Scheme of the detection of baryons in intergalactic gas
Scheme of the detection of baryons in intergalactic gas

An article published in the journal “Nature” describes the discovery of the missing ordinary matter in the universe. A team of researchers led by Fabrizio Nicastro of INAF, Rome, Italy, discovered what is technically called baryonic matter after having searched it for almost twenty years using ESA’s XMM-Newton space telescope keeping under observation the quasar 1ES 1553+113 up to find the traces of the baryons hidden in the hot gas present among the galaxies.

The analysis of the Cosmic Microwave Background Radiation carried with increasing precision with the progress of the instruments used and culminated with the map created thanks to ESA’s Planck Surveyor satellite allowed to estimate the amount of the ordinary matter existing in the universe. Its evolution can be followed thanks to observations of the early universe possible with the new generation instruments but after the first two billion years of life of the universe over half of those baryons seemed to have disappeared.

Putting together all the matter that forms galaxies, including the halos that surround them, and even the gas that fills galactic clusters, you get only 20% of the expected ordinary matter. According to the theory developed over the years, most of the baryons are part of the filaments of gas that connect galaxies in a sort of immense cosmic web. This is mainly ionized hydrogen, whose emissions are very weak and therefore difficult to detect.
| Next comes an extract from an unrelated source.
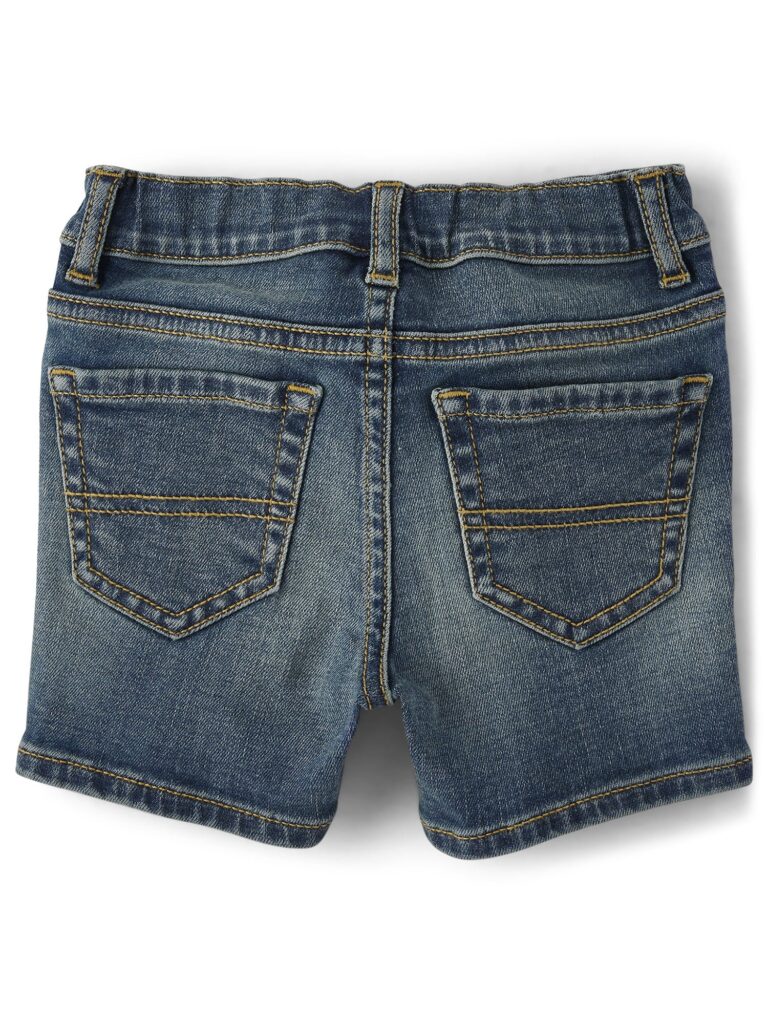 Kid's Dark Blue  Straight Leg Shorts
About twenty years ago, the era of X-ray space telescopes began to carry out high-resolution investigations also on mysteries such as that of the missing baryonic matter. However, that’s far from an easy research, in fact for many years the results have been disappointing. Between 2015 and 2017 Fabrizio Nicastro’s team managed to get the chance to conduct a series of observations of the quasar 1ES 1553+113 for a total of three weeks, a very long time that produced an enormous amount of data.
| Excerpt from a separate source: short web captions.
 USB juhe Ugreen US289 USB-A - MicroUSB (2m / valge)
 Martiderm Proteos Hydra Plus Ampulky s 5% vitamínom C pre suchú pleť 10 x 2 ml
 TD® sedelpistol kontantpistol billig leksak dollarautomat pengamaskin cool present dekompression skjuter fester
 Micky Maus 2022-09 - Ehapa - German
This quasar is about 4 billion light years away from Earth and is extremely bright thanks to a very active supermassive black hole because of a considerable amount of materials that orbit it and get heated considerably. The consequence is that it emits large amounts of electromagnetic radiation, including the X-rays detected by the XMM-Newton space telescope.

Those strong emissions are a sort of cosmic streetlight strong enough to show traces of two concentrations of oxygen present in the intergalactic gas between the quasar and the Earth, shown in the top image (ESA / ATG medialab; data: ESA / XMM-Newton / F. Nicastro et al 2018; cosmological simulation: R. Cen) by green and magenta arrows. Traces of nitrogen are indicated by the blue arrows.

That intergalactic gas is at temperatures estimated in part at hundreds of thousands of degrees and in part in millions of degrees and makes up the filaments of the cosmic web. Estimates of the various components of ordinary matter, together with those of dark matter and dark energy, are shown in the bottom image (ESA).

Fabrizio Nicastro and his colleagues plan to continue their studies using other quasars to find more intergalactic gas with XMM-Newton and with NASA’s Chandra space observatory to better understand the distribution of gas in cosmic filaments. The Athena (Advanced Telescope for High-Energy Astrophysics) mission will offer more precise measurements but the launch of this new ESA space telescope is scheduled for 2028.

Finding that intergalactic gas is already an excellent result, which rewards twenty years of efforts. It’s an important discovery that immediately dominated science news and beyond. It mentions missing matter but actually those baryons have always been in their place, it’s just that we couldn’t see them because of our instruments’ limitations. Now we have extended these limits a little farther away.